- _To do_
Return only the lines running from the one that contains "OMG! Chocolate Cream Cheese Frosted Brownies" through the end of the entries, exactly, both ends included. Omit pictures.

- _Dataset excerpts_
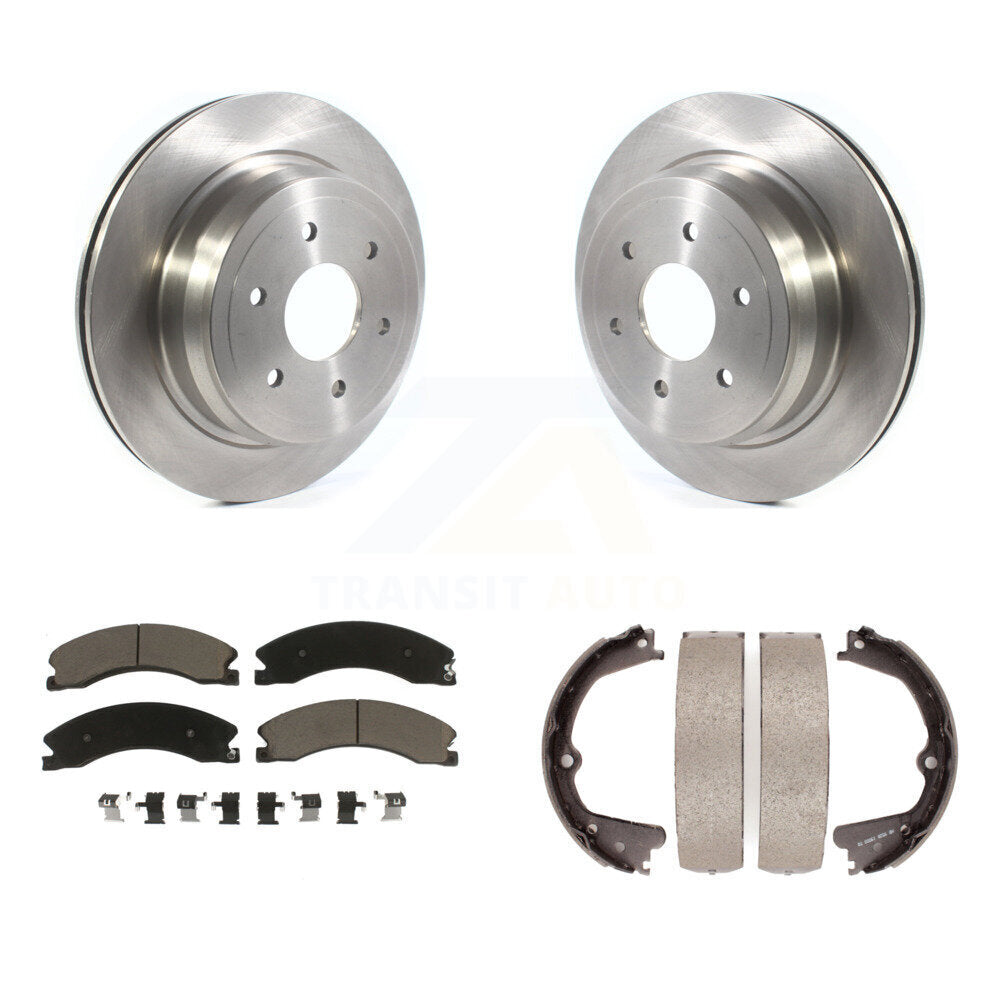 Kit de plaquettes en céramique et de chaussures de stationnement pour rotors de disque arrière, pour Nissan TITAN XD 2016 – 2019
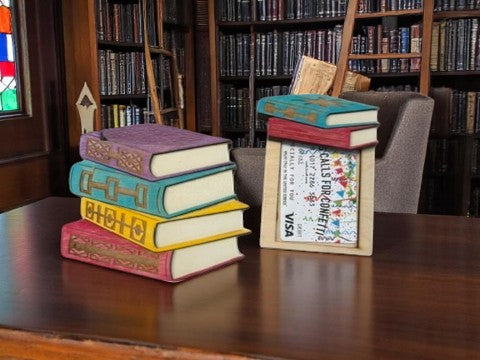 Handmade Book Lover Gift Card Holder | Unique Gift for Readers, Teachers, and Bookworms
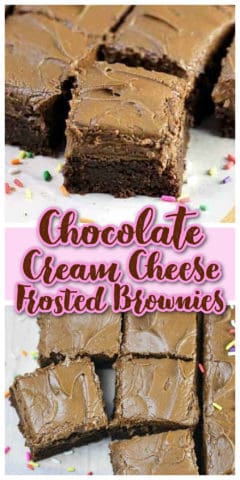 OMG! Chocolate Cream Cheese Frosted Brownies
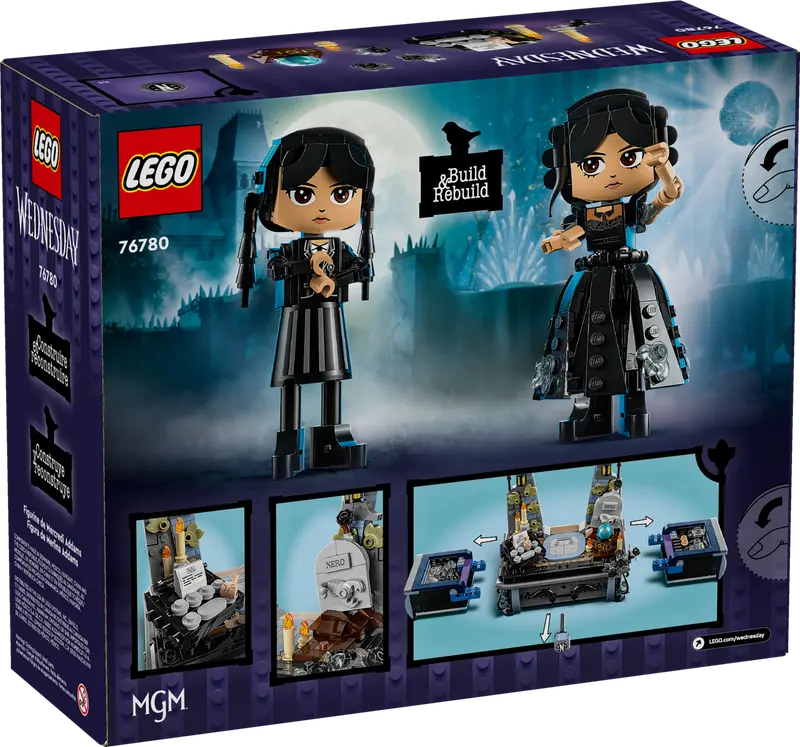 LEGO Exklusiv Wednesday Addams Baufigur 76780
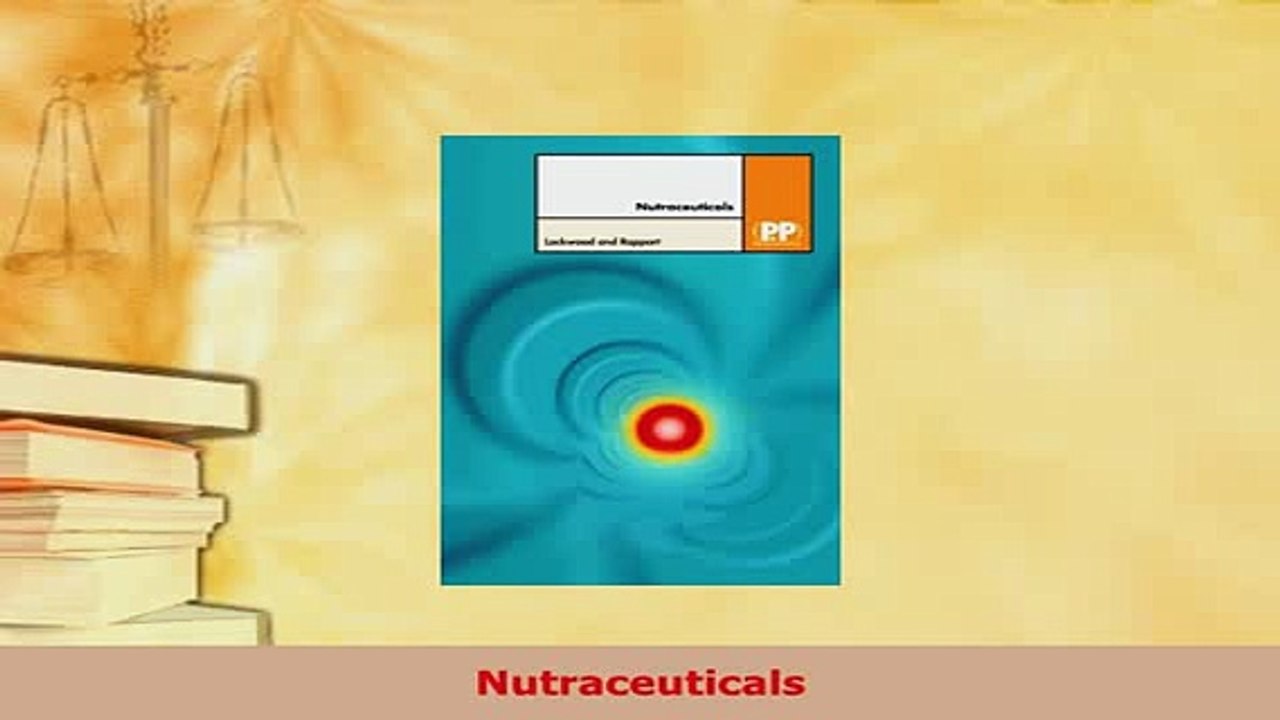 PDF  Nutraceuticals  EBook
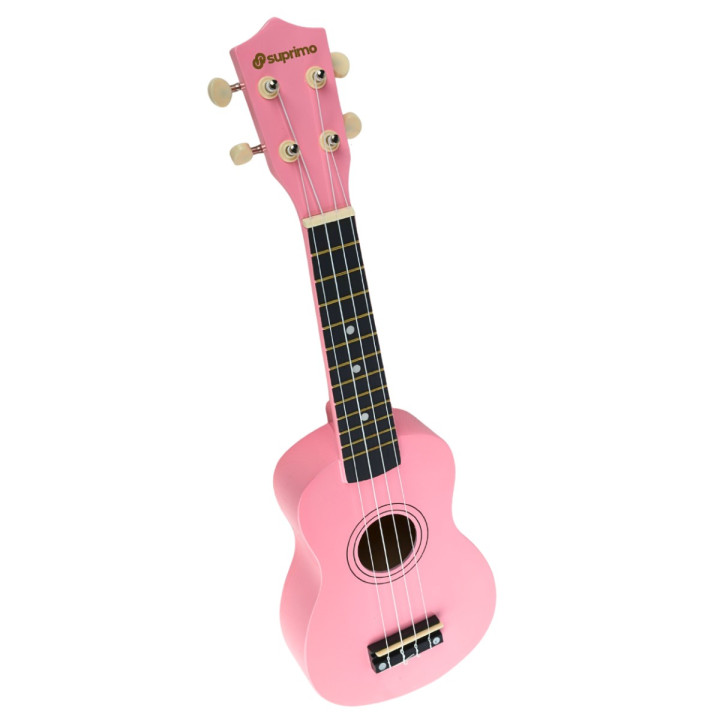 SUPRIMO UK21 PK ukulele sopranowe 21" różowe drewniane dla dzieci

- _The completed task_
 OMG! Chocolate Cream Cheese Frosted Brownies
 LEGO Exklusiv Wednesday Addams Baufigur 76780
 PDF  Nutraceuticals  EBook
 SUPRIMO UK21 PK ukulele sopranowe 21" różowe drewniane dla dzieci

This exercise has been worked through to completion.